Together, Busch and Burnett collected a trio of trophies last season — the same number Burnett won with Reddick in 2022 — but Busch’s victories (at Auto Club Speedway, Talladega and World Wide Technology Raceway) all came before the season’s midway point.

As they continue to build chemistry, both driver and crew chief are aiming to make sure that their 2024 starts and finishes on an equally strong note.

“It’s tough because you sit in a room and you talk about all the negative, right?” Busch said. “You’ve just gotta go, ‘What didn’t work? What was wrong? What was missing?’ And all that stuff and just, ‘This, this, this, this, this we need to fix.’ And there was like, ‘OK, well, what did we do good? What did we have good?’ And it was like, ‘Not a whole lot, you know?’

“But that’s the times in which you’ve got to be tough — Randall and them tough on me, and me tough on them.
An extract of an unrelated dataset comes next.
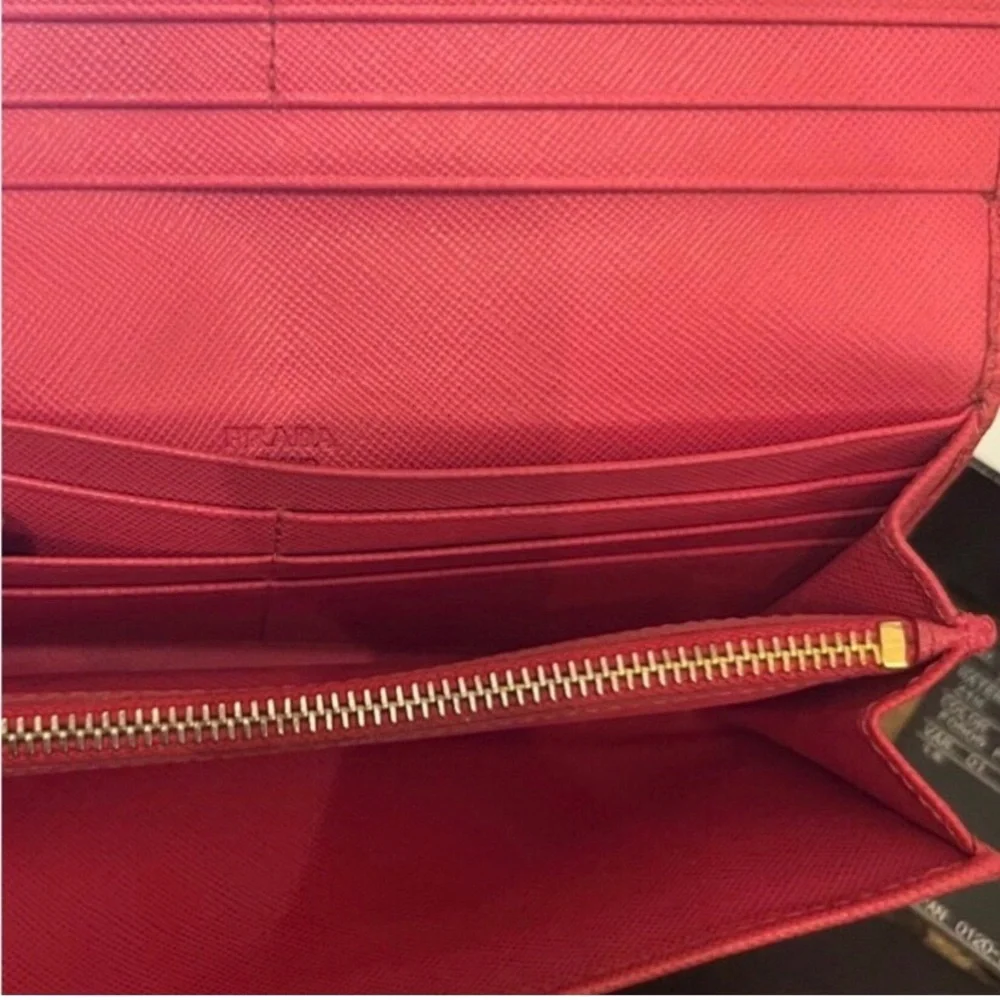 PRADA SAFFIANO FULL INCLUSION EUC - Picture 16 of 16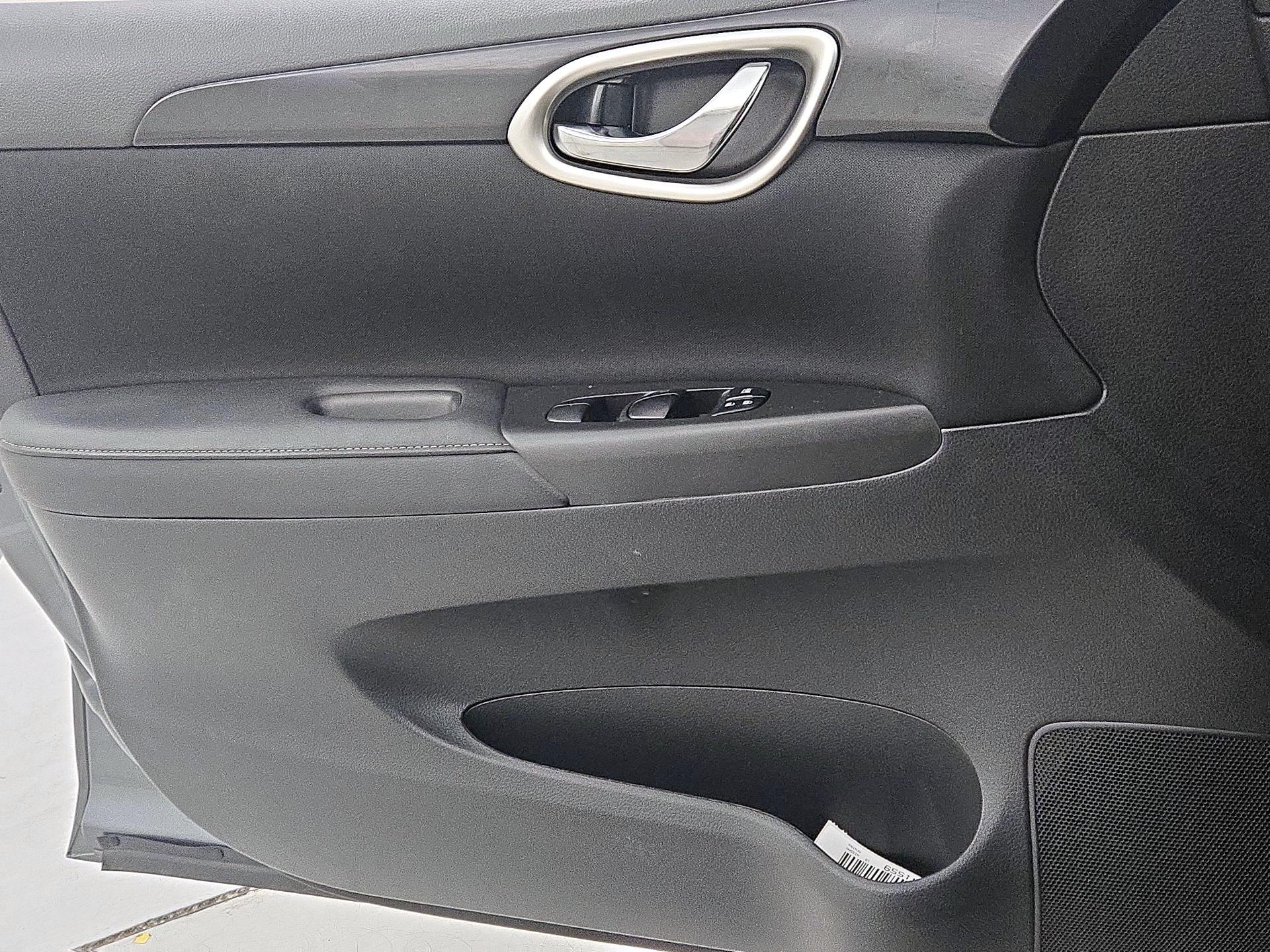 Thumbnail: 2019 Nissan Sentra - 12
All of that.”

Dillon, despite being a part of RCR his entire life as the grandson of the team’s founder, struggled at times last season to get on the same page with his first-year crew chief, Keith Rodden, who returns to Dillon’s No. 3 war wagon in 2024.

“We’re still growing our relationship,” Dillon said. “But what I’ve learned about him is he’s not going to give up on me. And you know, when times are like that, when you make it out the other side, your relationships are better.”

With better communication between crew chief and driver, Dillon — a four-time winner at the Cup Series level — hopes to return to Victory Lane for the first time since August 2022 at Daytona, where he raced his way into the playoffs in the regular season finale.

Above all, though, Busch and Dillon want to propel RCR to its first Cup Series championship in 30 years. The organization’s most recent title came in 1994 when the late Dale Earnhardt captured the last of his record-tying seven Cup Series championships.

Is RCR poised to return to NASCAR’s Promised Land for the first time in three decades?